Matthias Schniedermeyer wrote:
Video is inherently bandwith intensive. At least (for PAL): 720x576x4x25 = about 40MB/s (*) 1920x1080x4x25 = about 200MB/s
And that's taking aside ANY of the other processing. Decoding, IDCT, YUV->RGB transformation and so on. Also taking aside the total bandwith killer, when you have to scale the material.
AFAICT the vector cores COULD(*2) help you with the first parts, but the rest has to be done by the 3(,?)Ghz RISC PPC-CPU and shoveling that much data back and forth may be a bit much, without any acceleration. But on the other side the PS3 systems is supposed to have an impressing memory-bandwith, which could rescue the day.
So unless someone tries there is no way to be sure, but for the time beeing i'm sceptical.
IOW:
- SDTV maybe
- HDTV no way without acceleration
*: x4 isn't a typo. Most systems use 32 bit per color. 24 bit "packed" format isn't used anymore AFAIK.
*2: If you have software that can use the SPUs, but unless someone writes a Decoder-Library with SPU support you can only use the Main-CPU.
Bis denn
Most people AFAICT use vdr for sdtv and while HDTV may or may not be out of the question due to bandwidth sdtv definitely isn't. In fact I have linux on my xbox which has much less bandwidth than even the ps2 and most distros for that have a dvd player.

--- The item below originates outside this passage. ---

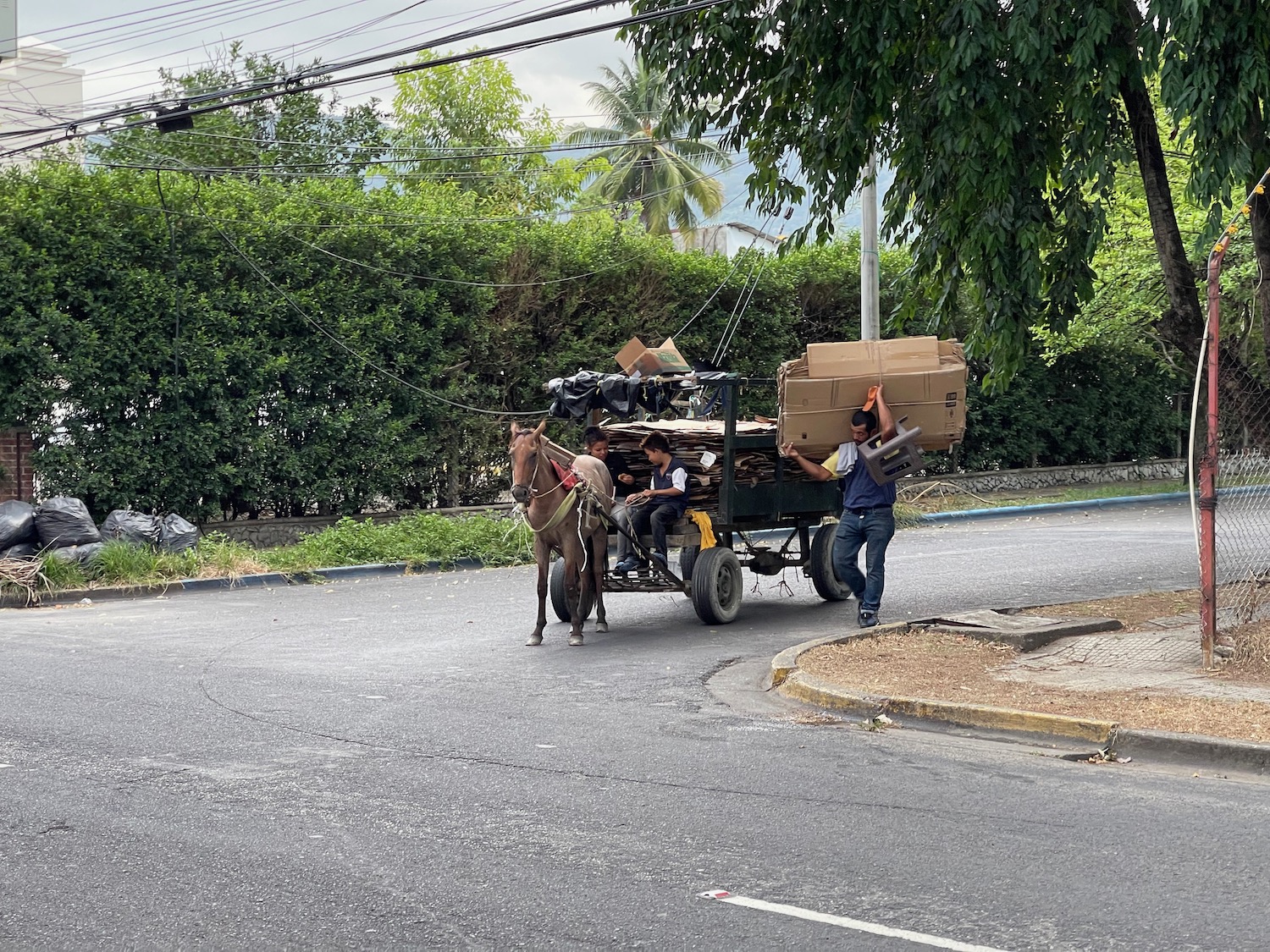 a horse pulling a cart with boxes and people on it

I am actually looking into a building a working dtv rig for the (original) xbox but am much more limited by the "mere" 60mb (64mb-4mb for the framebuffer) of memory and others have made mythtv clients for it. As someone else pointed out though a PS3 for linux doesn't make much sense unless you already want a PS3. Any applications it runs will, due to the 88mb ram, probably *feel* slower than a 1-2ghz pc with 128mb+ of ram running an quivalent distro even without graphics accelleration.